交流电网不平衡情况下电压源换相直流输电系统的控制策略

推导了交流电网不平衡情况下电压源换相高压直流输电系统(voltage source converter based high voltage direct current transmission，VSC-HVDC)电磁暂态模型，提出了适用于该场合的抑制直流电压二次波动的控制策略。通过分析αβ坐标与dq+和dq-坐标之间的变换关系，得出结论：在正序旋转坐标下正序分量为直流量，负序分量是频率为100 Hz的交流量；而在负序旋转坐标下负序分量为直流量，正序分量是频率为100 Hz的交流量。通过简化交、直流侧电路，建立考虑换相电抗器损耗的交流系统不平衡情况下VSC-HVDC系统电磁暂态数学模型。为了抑制发生不平衡故障时直流电压的二次波动给VSC阀和直流电容器产生额外应力等问题，设计基于正、负序旋转坐标系的双电流内环控制器和直流电压外环控制器。仿真结果证明所提出的数学模型正确、可靠，所提出的控制策略能够有效地抑制直流电压二次波动。
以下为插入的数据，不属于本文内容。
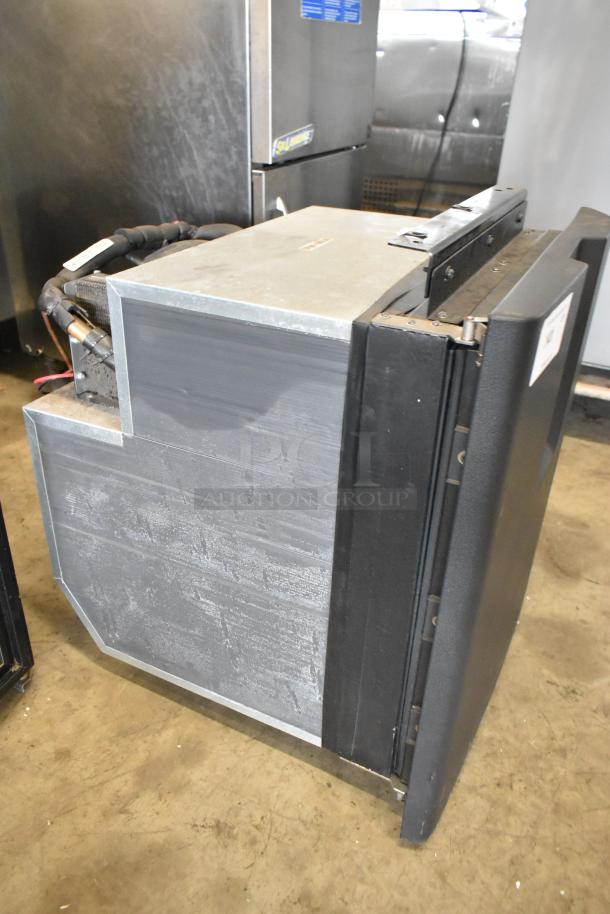 IndelB A22-73004-000 SP825 Mini Cooler, 12/24V DC, shown in used condition, features sturdy metal and plastic build.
Control Strategy for the Voltage Source Converter Based HVDC Transmission System Under Unbalanced AC Grid Conditions

An electromagnetic transient model for the voltage source converter (VSC) based HVDC transmission system under unbalanced AC grid conditions was proposed. Based on this model, a control strategy was proposed to suppress the double line-frequency ripples in the DC link voltage. According to the relationship between the αβ reference frame and the dq+ and dq- reference frames, it can be obtained that the negative-sequence appears as 100 Hz component in the positive-sequence synchronous reference frame; while, the positive-sequence component appears as 100 Hz component in the negative-sequence synchronous reference frame. Based on a simplified equivalent circuit of the VSC transmission system, a voltage source converter based high voltage direct current transmission (VSC-HVDC) electroma- gnetic transient model considering the loss of the phase reactors was constructed. To mitigate the additional stresses on the VSC valves and DC capacitor caused by the DC side ripples, the inner loop dual current controller which based on the positive-sequence synchronous reference frame and negative-sequence synchronous reference frame were designed. The outer loop DC voltage controller was designed. Simulation results demonstrate the validity of the mathematical model and the effectiveness of the proposed control strategy.